JAKARTA, KOMPAS — Moda raya terpadu atau MRT Jakarta siap beroperasi Maret 2019. Supaya saat operasionalisasi tidak menimbulkan kesemrawutan, perlu ada penataan kendaraan roda dua. Penataan yang diharapkan juga menyangkut integrasi tiket dan sistem pembayaran sebelum pengoperasian moda itu.
Iskandar Abubakar, Ketua Dewan Transportasi Kota Jakarta, dalam diskusi menjelang pengoperasian MRT Jakarta di kantor Dinas Perumahan DKI Jakarta, Rabu (12/12/2018), mengungkapkan, dari koridor fase 1 MRT, titik yang paling semrawut yang ia cermati ada di Dukuh Atas.
Di titik itu saat ini ada persinggungan antara kereta komuter dan bus rapid transit (BRT) transjakarta. Lalu, di titik stasiun sebelah atas masih ada angkutan kota lain seperti kopaja.
”Di titik itu roda dua yang adalah angkutan daring sangat banyak. Polisi dan petugas dinas perhubungan saja kewalahan. Keberadaan mereka membuat area stasiun menjadi semrawut,” ujar Iskandar.
Saat MRT Jakarta beroperasi, ia berharap akan ada pengaturan terhadap kendaraan roda dua itu di setiap entrance (pintu masuk dan keluar) stasiun MRT Jakarta.
William P Sabandar, Direktur Utama PT MRT Jakarta, menjelaskan, untuk angkutan daring itu, nantinya akan ada pengaturannya. MRT Jakarta akan menyiapkan titik-titik untuk penurunan dan penjemputan penumpang. Tujuannya, supaya pintu masuk dan keluar penumpang menjadi lebih rapi.
Namun, Iskandar menyatakan, untuk pengaturan kendaraan roda dua perlu ada kerja sama dengan pihak kepolisian. Dia berharap, penerapan sistem tilang elektronik atau electronic traffic law enforcement (ETLE) dapat mendukung sistem baru yang diharapkan nanti.

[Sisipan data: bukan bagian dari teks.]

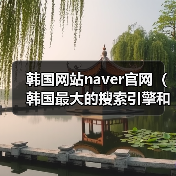 韩国网站naver官网（韩国最大的搜索引擎和门户网站）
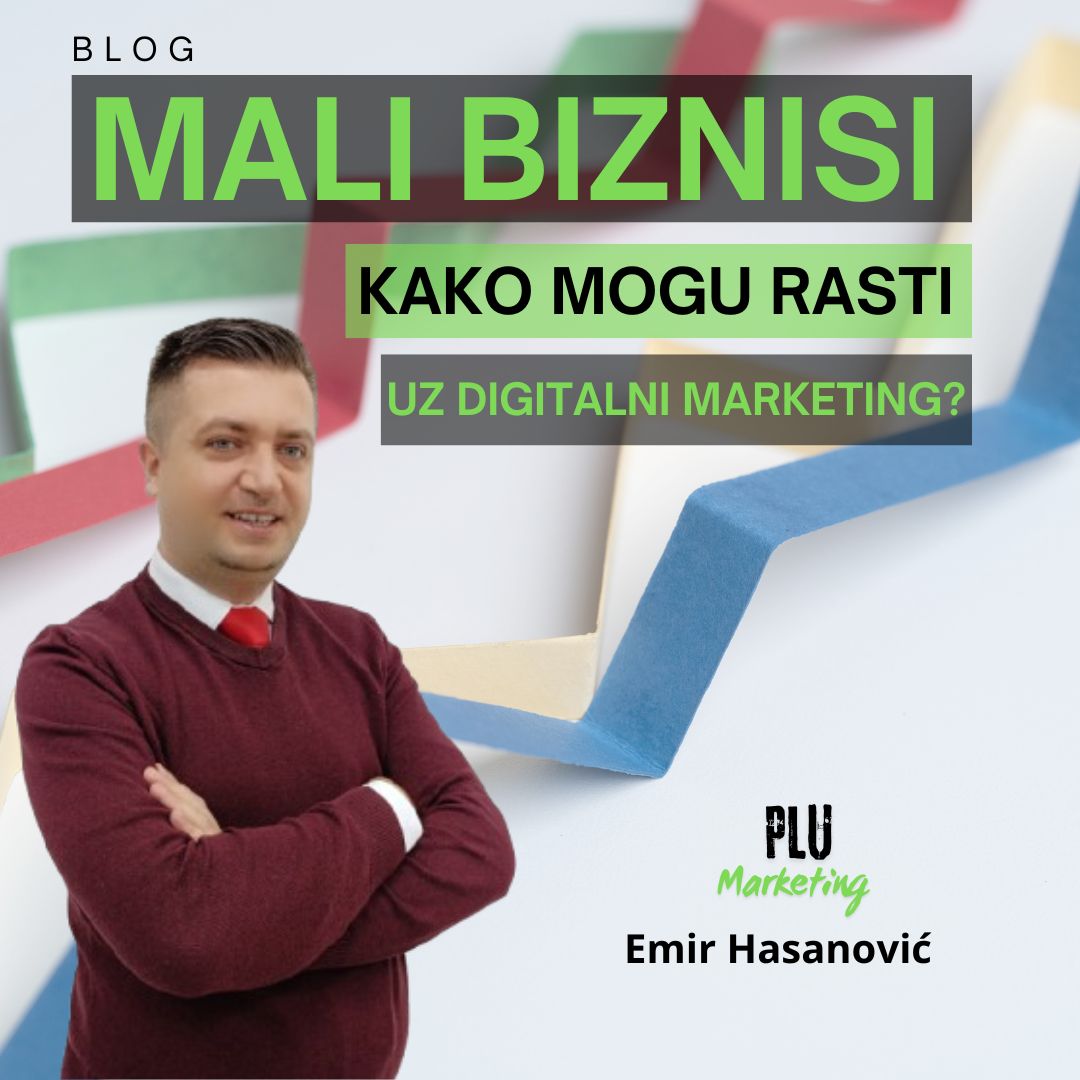 mALI BIZNISI KAKO MOGU RASTI UZ DIGITALNI MARKETING?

”Dengan ETLE di titik entrance MRT Jakarta, ojek-ojek daring tidak akan bisa tinggal lama di titik entrance karena kalau tinggal lama, bisa kena tilang,” ujar Iskandar.
Masalah tarif
Menjelang pengoperasian komersial MRT Jakarta, juga terungkap masalah tarif. Dengan sasaran operasional adalah untuk mendorong perpindahan pengguna kendaraan roda empat ke angkutan umum, masalah tarif harus dipikirkan betul.
Apalagi karena panjang layanan MRT di fase awal baru 16 kilometer, integrasi layanan dengan moda lain yang mendukung amat diperlukan, khususnya dengan bus transjakarta.
Djoko Setijowarno, pengajar dan peneliti Program Studi Teknik Sipil Unika Soegijapranata, Semarang, dalam diskusi mengingatkan supaya besaran tarif jangan sampai membebani masyarakat. Dalam hitungan pemerintah, besaran biaya transpor mesti mempertimbangkan gaji UMR dengan besaran biaya transportasi 10 persen dari gaji.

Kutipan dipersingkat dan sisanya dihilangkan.